= Tracks to Terezín =

2007 film

Spuren nach Theresienstadt / Tracks to Terezín is a 2007 film with Herbert Thomas Mandl, a survivor of the Holocaust.

==Plot==
The composer Pavel Haas makes a bow after the performance of his composition “Study For String Orchestra” conducted by Karel Ančerl at Terezín 1944. That photo is a stand by photo shot during the set of the propaganda film “A Documentary About The Jewish Settlement” about Theresienstadt. A member of that orchestra and also be seen on that photo is the violin player Herbert Thomas Mandl. He is a real witness of the 20th century. He was born in 1926 at Bratislava, his father Daniel Mandl served for the artillery of the army of the Austrian-Hungarian Army at the Albanian front. At his childhood Mandl is in Ostrava and Brno and he gets education in playing the violin. After the occupation of the Nazis he and the family must go to the ghetto of Prague and will be later deported to the concentration camp of Terezín, which is used by the Nazis for propaganda. There he met the composer Viktor Ullmann, Ullmann is now his teacher and conductor. Mandl is member of different orchestras in Terezín as in the string orchestra of Karel Ančerl and also in the missed musical work “Villon” composed and conducted by Viktor Ullmann at Terezín. Deportation to Auschwitz. Death march together with his father to the concentration camp Dachau-Kaufering IV. His father dies in Dachau. Herbert Thomas Mandl survives, he will be not executed at the concentration camp, because a member of the SS refuses to shoot. He sees the liberation of the camp by the US-Army.

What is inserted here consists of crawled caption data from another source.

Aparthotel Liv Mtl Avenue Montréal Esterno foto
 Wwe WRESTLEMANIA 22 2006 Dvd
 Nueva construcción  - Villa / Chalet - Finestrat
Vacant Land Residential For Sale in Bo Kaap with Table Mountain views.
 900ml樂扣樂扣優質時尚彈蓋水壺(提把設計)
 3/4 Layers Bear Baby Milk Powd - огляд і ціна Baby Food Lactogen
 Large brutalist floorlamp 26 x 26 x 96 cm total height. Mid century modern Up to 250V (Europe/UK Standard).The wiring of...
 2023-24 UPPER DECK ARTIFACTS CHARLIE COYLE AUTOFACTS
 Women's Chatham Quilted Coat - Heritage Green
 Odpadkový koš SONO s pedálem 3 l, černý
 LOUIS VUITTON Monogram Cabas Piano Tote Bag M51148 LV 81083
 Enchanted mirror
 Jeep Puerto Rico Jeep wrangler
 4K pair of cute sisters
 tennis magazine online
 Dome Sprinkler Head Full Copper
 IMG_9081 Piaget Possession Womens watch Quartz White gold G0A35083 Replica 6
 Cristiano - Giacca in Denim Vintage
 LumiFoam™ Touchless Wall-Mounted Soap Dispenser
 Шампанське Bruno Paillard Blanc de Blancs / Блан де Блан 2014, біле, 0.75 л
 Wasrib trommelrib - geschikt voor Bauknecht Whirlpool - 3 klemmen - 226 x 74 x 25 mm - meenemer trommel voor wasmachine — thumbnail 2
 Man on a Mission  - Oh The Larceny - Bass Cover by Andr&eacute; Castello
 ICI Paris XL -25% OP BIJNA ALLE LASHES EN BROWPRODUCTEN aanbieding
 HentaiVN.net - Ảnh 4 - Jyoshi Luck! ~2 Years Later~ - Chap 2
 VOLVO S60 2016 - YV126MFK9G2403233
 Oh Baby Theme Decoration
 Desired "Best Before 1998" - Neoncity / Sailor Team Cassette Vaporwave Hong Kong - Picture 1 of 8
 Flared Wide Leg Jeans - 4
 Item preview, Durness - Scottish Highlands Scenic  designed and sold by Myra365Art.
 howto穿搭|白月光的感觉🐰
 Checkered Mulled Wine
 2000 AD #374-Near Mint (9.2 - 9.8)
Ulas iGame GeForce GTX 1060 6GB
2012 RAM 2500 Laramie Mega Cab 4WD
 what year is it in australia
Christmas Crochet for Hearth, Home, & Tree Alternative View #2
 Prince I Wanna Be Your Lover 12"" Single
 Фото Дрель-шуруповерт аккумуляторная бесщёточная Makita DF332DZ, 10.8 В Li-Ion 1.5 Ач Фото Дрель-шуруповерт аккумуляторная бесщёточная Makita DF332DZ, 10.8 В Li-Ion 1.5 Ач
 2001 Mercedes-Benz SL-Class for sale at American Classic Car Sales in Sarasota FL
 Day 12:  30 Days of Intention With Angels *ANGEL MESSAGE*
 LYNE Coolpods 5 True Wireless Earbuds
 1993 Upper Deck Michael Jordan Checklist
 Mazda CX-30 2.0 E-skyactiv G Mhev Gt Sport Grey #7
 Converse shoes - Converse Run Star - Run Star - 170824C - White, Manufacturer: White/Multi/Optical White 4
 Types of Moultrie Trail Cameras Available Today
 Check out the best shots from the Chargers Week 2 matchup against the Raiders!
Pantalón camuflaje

After the war Mandl works as a professor for violin at the academy in Ostrava. During the Cold War he comes in conflict with the regime. Unbelievable escape as a tourist to the American Embassy in Cairo and imprisoned in Egypt. Flight to Greece in a camp of the CIA and interrogations there. Mandl comes to Western Germany, people of the secret service believes he is a spy from the East. The bureaucracy of Western Germany denies to accept him as a political refugee. But the poet Heinrich Böll helps him and Mandl becomes his secretary. Böll also helps him to plan the escape of his wife Slavi from Ostrava. During a visit of Heinrich Böll in Prague Böll smuggles the wife of Mandl in his car through the border. Now both want to start a new life in the United States of America. Slavi Mandl is an excellent piano player; both are performing concert programmes together. In the United States Slavi Mandl works immediately as a piano player and teacher for music. For Herbert Thomas Mandl it is not so easy to get some work. In Seattle in the state Washington he works in a psychiatry. Both are coming back to Germany and stay now in Meerbusch near Düsseldorf. Slavi Mandl works as a teacher for piano and with the help of Heinrich Böll Mandl becomes a teacher at a school. For the world premiere of the play “The Inquiry” of Peter Weiss about the trial of Auschwitz in Frankfurt. Herbert Thomas Mandl works as a witness on the direction the play. The communistic government of the Czechoslovakia deprives his doctor in philosophy; he gets it back in the nineties of the 20th century. Mandl died on February 22, 2007.

==Questions and answers==
In the film Herbert Thomas Mandl gives answers to the following questions:
- About the music and the rehearsal of the opera “The Emperor of Atlantis Or The Disobidiene of Death” by Viktor Ullmann, composed 1943 / 1944 at Terezín.
- About the end of the rehearsals of “The Emperor of Atlantis Or The Disobedience of Death” and why the emperor in the opera of Ullmann cannot be seen as Hitler.
- About the world premiere of the melodramatic piece „The Lay of Love and Death of The Cornet Christoph Rilke“ composed by Viktor Ullmann at Terezín.
- Place and date of the world premiere of “The Lay of Love and Death of The Cornet Christoph Rilke”.
- Place of the rehearsals of the opera by Ullmann “The Emperor of Atlantis Or The Disobedience of Death”.
- About the management of the rehearsals of the opera “The Emperor of Atlantis Or The Disobedience of Death” and the leisure time („Freizeitgestaltung“) at Terezín.
- The set of the propaganda film “A Documentary About The Jewish Settlement”. Theresienstadt (film)
- About Kurt Gerron, the director of the propaganda film and the visit of the Red Cross at Terezín 1944.
- The meaning of the word „Transport“.

==Sequel==
The film was produced in 2007 by ARBOS - Company for Music and Theatre in Austria. Interview and director: Herbert Gantschacher; camera: Robert Schabus; editor: Erich Heyduck. A DVD exists in English and German Language.